Certains prototypes compensaient la faible gravité par une taille démesurée (comme ici ce pré-prototype de Bendix). Crédits NASA
Certains prototypes compensaient la faible gravité par une taille démesurée (comme ici ce pré-prototype de Bendix). Crédits NASA

Cela dit, il existe aussi une solution plus simple : celle de faire un véhicule radicalement simplifié, qui pourrait éventuellement être embarqué replié sur les flancs du Module Lunaire. Solution qui, début 1969, va s'imposer car il y a une bonne nouvelle du côté de la chaine de production des gigantesques lanceurs Saturn V… Les exemplaires à partir d'Apollo 15 disposeront d'une marge de puissance supplémentaire, permettant d'emporter deux tonnes de plus en orbite, et donc quelques centaines de kilogrammes supplémentaires vers la Lune. Immédiatement, la NASA (qui n'est plus qu'à quelques mois de poser des astronautes sur notre satellite naturel) lance officiellement son programme LRV (Lunar Roving Vehicle) et remet au placard les projets de grands camions lunaires avec cabines : il faut un véhicule simple, efficace et léger. Plus facile à dire qu'à faire, jusqu'à l'atterrissage d'Armstrong et Aldrin, le sol lunaire était à peine documenté…

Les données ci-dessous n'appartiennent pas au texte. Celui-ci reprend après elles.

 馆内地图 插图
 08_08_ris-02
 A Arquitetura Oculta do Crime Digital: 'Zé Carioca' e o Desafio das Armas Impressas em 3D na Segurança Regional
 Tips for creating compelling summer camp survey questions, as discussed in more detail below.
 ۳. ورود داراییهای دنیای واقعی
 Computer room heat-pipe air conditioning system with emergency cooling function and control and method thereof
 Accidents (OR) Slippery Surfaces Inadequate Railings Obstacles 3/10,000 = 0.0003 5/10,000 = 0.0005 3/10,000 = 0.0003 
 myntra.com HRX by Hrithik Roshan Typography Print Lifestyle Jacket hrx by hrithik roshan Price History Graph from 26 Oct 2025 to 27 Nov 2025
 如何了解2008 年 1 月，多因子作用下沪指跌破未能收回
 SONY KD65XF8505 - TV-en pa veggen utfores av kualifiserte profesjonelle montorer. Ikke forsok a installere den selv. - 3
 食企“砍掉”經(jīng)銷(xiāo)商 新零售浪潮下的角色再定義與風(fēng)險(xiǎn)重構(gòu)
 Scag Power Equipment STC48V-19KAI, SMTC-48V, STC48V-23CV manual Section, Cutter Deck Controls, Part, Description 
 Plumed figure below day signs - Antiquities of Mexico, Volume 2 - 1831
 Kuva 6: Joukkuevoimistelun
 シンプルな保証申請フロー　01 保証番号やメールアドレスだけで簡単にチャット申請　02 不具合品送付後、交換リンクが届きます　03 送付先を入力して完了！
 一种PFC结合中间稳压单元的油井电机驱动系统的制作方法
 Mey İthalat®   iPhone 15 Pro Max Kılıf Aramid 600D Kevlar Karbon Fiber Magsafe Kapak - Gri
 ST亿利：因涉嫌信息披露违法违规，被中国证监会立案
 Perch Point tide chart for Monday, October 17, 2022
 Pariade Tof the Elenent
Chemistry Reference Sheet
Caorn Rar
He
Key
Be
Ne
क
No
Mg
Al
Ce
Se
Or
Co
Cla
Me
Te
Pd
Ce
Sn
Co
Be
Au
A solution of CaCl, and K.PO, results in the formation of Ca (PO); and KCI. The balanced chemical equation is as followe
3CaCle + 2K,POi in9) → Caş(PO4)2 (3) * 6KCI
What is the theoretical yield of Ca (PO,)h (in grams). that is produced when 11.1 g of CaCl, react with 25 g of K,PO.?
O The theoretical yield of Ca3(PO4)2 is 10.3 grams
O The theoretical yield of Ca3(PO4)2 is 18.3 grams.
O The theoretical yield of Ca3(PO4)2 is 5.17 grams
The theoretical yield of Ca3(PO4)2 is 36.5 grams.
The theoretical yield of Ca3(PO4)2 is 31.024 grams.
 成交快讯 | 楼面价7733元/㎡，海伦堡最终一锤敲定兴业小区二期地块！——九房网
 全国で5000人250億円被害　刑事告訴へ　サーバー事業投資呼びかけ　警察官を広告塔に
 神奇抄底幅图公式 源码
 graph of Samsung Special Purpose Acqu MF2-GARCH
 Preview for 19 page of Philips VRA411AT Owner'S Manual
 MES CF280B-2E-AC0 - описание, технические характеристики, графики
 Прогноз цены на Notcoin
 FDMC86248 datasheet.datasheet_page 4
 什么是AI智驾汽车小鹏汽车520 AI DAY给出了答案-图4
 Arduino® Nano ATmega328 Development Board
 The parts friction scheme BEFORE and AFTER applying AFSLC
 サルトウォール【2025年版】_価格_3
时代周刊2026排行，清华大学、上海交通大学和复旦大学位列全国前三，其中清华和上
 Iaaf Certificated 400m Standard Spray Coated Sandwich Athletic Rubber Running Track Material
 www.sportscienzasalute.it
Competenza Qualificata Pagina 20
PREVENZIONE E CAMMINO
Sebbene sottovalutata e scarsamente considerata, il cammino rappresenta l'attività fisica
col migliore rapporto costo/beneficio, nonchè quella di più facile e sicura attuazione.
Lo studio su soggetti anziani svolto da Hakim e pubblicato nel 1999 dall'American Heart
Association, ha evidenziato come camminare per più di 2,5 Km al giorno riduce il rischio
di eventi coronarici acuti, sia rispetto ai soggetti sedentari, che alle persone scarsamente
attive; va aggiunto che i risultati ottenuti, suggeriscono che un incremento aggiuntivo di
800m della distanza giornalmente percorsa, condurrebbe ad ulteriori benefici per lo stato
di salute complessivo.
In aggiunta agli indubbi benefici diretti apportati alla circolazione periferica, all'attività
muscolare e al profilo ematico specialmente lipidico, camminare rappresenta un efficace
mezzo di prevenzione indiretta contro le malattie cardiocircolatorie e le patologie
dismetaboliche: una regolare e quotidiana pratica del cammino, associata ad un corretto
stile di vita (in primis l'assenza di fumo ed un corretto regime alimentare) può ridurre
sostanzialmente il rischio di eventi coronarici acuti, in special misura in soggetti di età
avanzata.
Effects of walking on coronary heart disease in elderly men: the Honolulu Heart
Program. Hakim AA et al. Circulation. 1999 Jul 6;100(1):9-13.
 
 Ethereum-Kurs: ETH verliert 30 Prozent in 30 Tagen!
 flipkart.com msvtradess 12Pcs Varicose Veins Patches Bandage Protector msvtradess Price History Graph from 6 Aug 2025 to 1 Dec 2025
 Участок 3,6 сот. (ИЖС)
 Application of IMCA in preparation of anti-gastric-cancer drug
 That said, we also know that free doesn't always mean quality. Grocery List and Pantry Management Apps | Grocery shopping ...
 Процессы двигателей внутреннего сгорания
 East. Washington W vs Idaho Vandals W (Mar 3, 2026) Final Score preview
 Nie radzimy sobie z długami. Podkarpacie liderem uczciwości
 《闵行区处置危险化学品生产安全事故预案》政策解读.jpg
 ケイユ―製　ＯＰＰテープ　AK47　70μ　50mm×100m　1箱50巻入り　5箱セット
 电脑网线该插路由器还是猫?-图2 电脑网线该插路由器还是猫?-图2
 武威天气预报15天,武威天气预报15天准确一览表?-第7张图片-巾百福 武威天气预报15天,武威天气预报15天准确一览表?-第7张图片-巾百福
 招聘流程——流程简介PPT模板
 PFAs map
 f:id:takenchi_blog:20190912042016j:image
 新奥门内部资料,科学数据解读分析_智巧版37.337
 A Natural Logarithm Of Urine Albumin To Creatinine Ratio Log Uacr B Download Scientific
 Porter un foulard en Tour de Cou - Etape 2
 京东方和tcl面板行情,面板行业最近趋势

Jeep lunaire ou scooter des dunes

De façon assez étrange, même si Boeing finit par gagner l'appel d'offre de la NASA, cette dernière a considéré plutôt sérieusement une proposition de petite moto électrique. Légères et robustes, elles auraient pu embarquer chacune un astronaute pour une drôle de sortie enduro. Toutefois, l'agence américaine, après des tests poussés, avait peur des contraintes liées à la gestion de l'échauffement (le vide conduit très mal) et au risque de panne. Et voici donc Apollo engagé sur la voie de la « jeep lunaire ». Conçu par Boeing, associé à General Motors en sous-traitant principal, le véhicule sera produit à 4 exemplaires définitifs destinés à rouler sur la Lune, et toute une ribambelle d'exemplaires destinés aux essais. Le développement est extrêmement court vu les contraintes : seulement 17 mois… Et heureusement que la mission Apollo 15 a quelques mois de retard sur le planning, sans quoi Dave Scott et James Irwin auraient fait une croix sur leurs sorties longues.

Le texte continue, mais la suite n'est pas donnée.